## Vectorization
## Learning Objectives * Learn about scalar and vector instructions * Learn about horizontal and vertical vectorization * Learn how to write explicit vector code * learn how to use swizzles
#### Vector instructions
![SYCL](../common-revealjs/images/scalar_and_vector_instructions.png "SYCL")
* Data parallel devices such as GPUs, SIMD CPUs and other accelerators are vector processors. * This means they can execute vector instructions. * Vector instructions are single instructions which perform loads, stores, or operations such as add or multiply on multiple elements at once.
#### Vectorization
* Vectorization is the process of converting scalar code into vectorized code. * In a SPMD programming model like SYCL vectorization is important. * Vectorization can be performed in two ways, and it depends on how you write your code and can impact the mapping to hardware.

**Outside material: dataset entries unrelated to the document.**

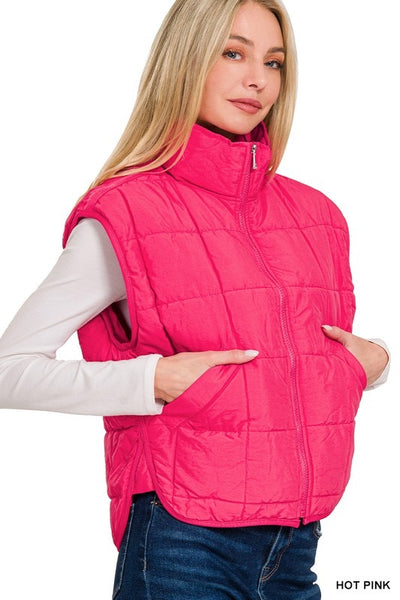 High Neck Puffer Vest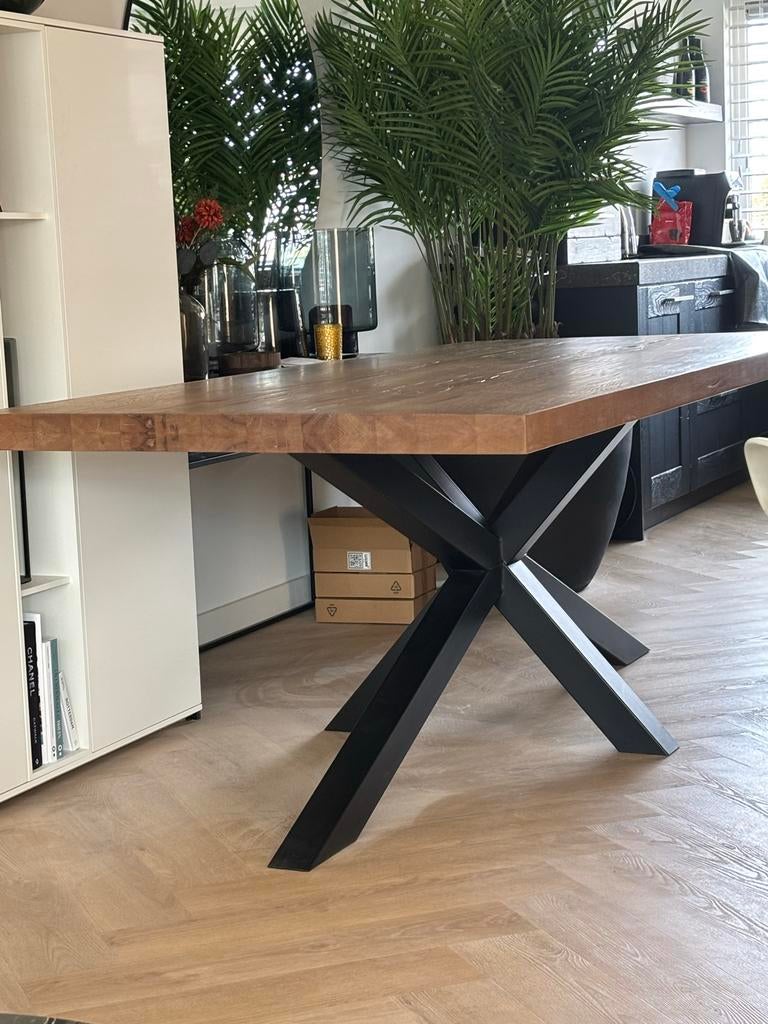 Teakhouten eettafel (220cm) met 6 design stoelen, Huis en Inrichting, Tafels | Eettafels, Teakhout, 200 cm of meer, Ophalen of Verzenden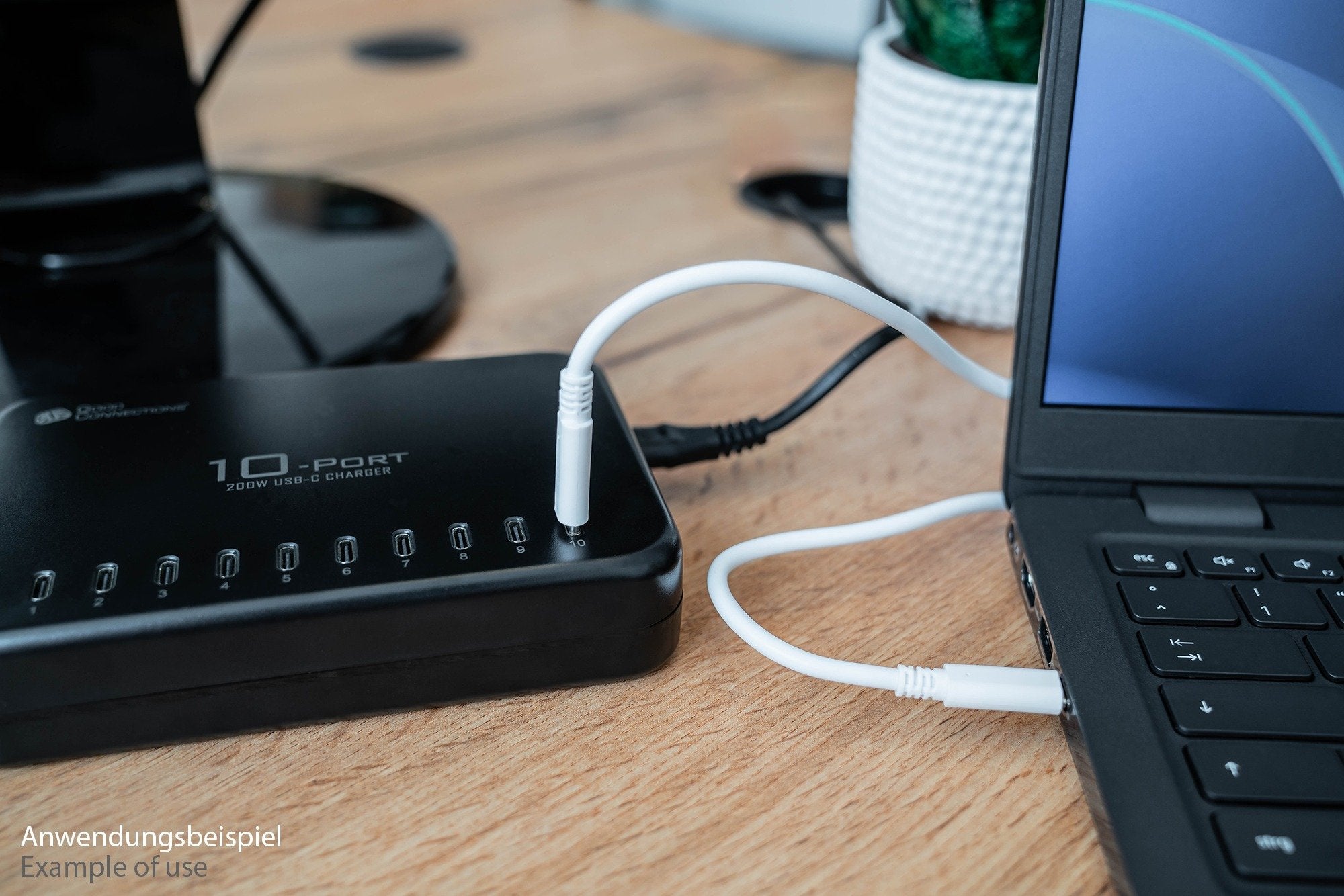 Usb Desktop Schnellladestation 200w 10-Port 10xusb-C Goodconnections Negro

#### Horizontal vectorization
![SYCL](../common-revealjs/images/horizontal_vectorization.png "SYCL")
* Horizontal (or auto-) vectorization is done automatically by the compiler. * It maps the scalar operation of each work-item to a single processing element, or element of a vector instruction.
#### Vertical vectorization
![SYCL](../common-revealjs/images/vertical_vectorization.png "SYCL")
* Vertical (or explicit) vectorization is done by using vector types explicitly. * It maps the vector instruction of each work-item to multiple processing elements, or elements of vector instructions.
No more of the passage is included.